How many n-bit strings have at most m subsequent 0s?

225 Views Asked by At

The title already is the complete question, but I would like to add some details to make clear what I mean.

A $n$-bit string is an element of $\{0,1\}^n$. All possible 3-bit strings are:

  • 0: 000
  • 1: 001
  • 2: 010
  • 3: 011
  • 4: 100
  • 5: 101
  • 6: 110
  • 7: 111

As they can be encoded as binary numbers, there are $2^n$ $n$-bit strings. If I want at most $m=1$ subsequent 0s, the allowed sequences are:

  • 2: 010
  • 3: 011
  • 5: 101
  • 6: 110
  • 7: 111

Hence for $n=3, m=1$ the answer is 5.

What is the answer for arbitrary $n \in \mathbb{N}$ and $m \in \{0, \dots, n\}$? What is the answer for $n=30, m=4$?

Background of the question

This is the background of my question. Is it not necessary to understand it / answer it.

I have developed a symbol recognition application (see http://write-math.com) and I am now thinking about different possibilities to extend it to formula recognition. One part of formula recognition is to recognize the single symbols.

I get on-line data, that means I get the information how the symbol is written (in contrast to off-line data, where you only have pixels). My data is a list of strokes, where each stroke is a point. A point has x/y coordinates and a time:

[[(x=12, y=21, t=0), (x=7, y=13, t=3), ((x=7, y= 21, t=5), ...],
 [(x=0, y=0, t=6)],
 [...], ...]

Now I know that people always segment their symbols perfectly. That means a symbol can have multiple strokes, but one stroke always belongs to exactly one symbol. As I have one recognizer for symbols which works fairly well, it would be possible to simply use it to recognize multiple symbols by trying every possible segmentation. This can be modeled by taking a $n$-bit string for $n+1$ strokes.
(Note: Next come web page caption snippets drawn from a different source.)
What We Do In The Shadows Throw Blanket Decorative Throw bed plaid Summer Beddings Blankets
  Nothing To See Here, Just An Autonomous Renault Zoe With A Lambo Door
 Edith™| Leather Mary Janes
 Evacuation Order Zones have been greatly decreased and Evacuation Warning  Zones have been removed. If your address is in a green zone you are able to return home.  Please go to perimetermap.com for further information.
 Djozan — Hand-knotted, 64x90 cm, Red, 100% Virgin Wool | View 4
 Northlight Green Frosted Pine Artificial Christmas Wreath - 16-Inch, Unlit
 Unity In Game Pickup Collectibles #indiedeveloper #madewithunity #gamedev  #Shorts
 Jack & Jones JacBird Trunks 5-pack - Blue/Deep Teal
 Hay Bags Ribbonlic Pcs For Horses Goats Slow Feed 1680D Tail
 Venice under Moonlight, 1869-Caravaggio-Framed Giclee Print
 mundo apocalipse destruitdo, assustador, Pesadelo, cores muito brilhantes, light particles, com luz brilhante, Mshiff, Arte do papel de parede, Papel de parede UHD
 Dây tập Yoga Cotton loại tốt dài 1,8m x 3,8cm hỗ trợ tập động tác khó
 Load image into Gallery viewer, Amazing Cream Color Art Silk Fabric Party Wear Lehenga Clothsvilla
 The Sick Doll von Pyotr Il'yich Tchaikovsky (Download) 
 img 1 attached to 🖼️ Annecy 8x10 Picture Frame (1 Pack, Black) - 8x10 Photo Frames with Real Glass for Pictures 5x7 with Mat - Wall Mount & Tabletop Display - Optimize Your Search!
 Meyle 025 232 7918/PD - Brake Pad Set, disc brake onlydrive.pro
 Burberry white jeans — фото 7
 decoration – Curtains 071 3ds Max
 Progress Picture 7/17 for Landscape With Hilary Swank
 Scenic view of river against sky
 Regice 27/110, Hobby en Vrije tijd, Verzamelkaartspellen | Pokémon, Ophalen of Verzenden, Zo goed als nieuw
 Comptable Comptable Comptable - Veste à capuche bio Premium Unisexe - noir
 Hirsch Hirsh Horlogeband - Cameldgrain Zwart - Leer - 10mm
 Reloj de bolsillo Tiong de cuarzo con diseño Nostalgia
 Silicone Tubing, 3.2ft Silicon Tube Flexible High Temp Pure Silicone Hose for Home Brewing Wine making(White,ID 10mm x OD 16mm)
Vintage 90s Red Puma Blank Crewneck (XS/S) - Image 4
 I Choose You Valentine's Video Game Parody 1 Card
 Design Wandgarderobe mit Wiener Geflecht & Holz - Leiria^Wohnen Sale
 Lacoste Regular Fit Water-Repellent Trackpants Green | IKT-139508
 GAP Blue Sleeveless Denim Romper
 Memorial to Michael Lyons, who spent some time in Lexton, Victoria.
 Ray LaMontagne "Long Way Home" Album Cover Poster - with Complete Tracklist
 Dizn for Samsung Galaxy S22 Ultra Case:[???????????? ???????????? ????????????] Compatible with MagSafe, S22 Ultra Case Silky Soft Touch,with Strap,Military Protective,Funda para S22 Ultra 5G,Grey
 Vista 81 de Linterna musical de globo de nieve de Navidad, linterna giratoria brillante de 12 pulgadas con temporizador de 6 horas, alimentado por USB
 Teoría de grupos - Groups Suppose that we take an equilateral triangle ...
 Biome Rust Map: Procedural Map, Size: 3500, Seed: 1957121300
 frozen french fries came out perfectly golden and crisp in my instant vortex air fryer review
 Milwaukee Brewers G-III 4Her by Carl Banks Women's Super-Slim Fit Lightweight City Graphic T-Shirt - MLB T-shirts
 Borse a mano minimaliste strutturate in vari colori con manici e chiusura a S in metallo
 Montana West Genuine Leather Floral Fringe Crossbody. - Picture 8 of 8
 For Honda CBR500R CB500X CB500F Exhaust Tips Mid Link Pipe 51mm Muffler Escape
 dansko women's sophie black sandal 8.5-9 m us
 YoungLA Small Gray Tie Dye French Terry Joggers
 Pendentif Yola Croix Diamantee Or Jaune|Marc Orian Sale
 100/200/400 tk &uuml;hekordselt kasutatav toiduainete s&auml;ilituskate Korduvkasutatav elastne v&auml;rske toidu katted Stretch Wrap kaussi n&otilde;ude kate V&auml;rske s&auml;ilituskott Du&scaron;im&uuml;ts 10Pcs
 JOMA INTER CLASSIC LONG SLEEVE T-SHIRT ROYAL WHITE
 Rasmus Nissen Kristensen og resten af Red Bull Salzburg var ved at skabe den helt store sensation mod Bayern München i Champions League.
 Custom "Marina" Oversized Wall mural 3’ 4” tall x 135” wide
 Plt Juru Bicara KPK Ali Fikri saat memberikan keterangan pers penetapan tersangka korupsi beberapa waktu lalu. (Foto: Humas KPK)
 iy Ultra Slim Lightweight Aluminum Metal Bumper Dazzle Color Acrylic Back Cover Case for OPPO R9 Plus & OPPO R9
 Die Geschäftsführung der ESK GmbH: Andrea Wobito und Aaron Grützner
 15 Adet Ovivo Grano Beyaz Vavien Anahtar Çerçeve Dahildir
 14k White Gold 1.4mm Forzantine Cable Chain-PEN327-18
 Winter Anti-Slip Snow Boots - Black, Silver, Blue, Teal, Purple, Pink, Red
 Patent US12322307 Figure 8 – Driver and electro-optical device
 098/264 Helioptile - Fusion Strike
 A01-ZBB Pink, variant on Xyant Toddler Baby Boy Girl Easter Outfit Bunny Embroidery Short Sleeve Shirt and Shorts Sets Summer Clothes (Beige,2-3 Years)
If a given bit is 0, then the neighboring strokes are connected:

stroke1   stroke2   stroke3
        0         1

Stroke1 and stroke2 are connected, but separated from stroke3
Hence the first symbol has the first 2 strokes,
the second symbol has the last stroke

I know that symbols with more than 4 strokes are very rare. So rare in fact, that I don't use any stroke after the 4th stroke for recognition. Hence I don't need to check $2^n$ segmentation, but less. My question is how many segementations I have to check.

1

There are 1 best solutions below

0
On

Let we fix the value of $m$ just for clarity. For instance, let $m=3$.

Let $E_n$ be the set of binary strings with $n$ bits and without $m$ consecutive zeroes. Let $A_n=|E_n|$.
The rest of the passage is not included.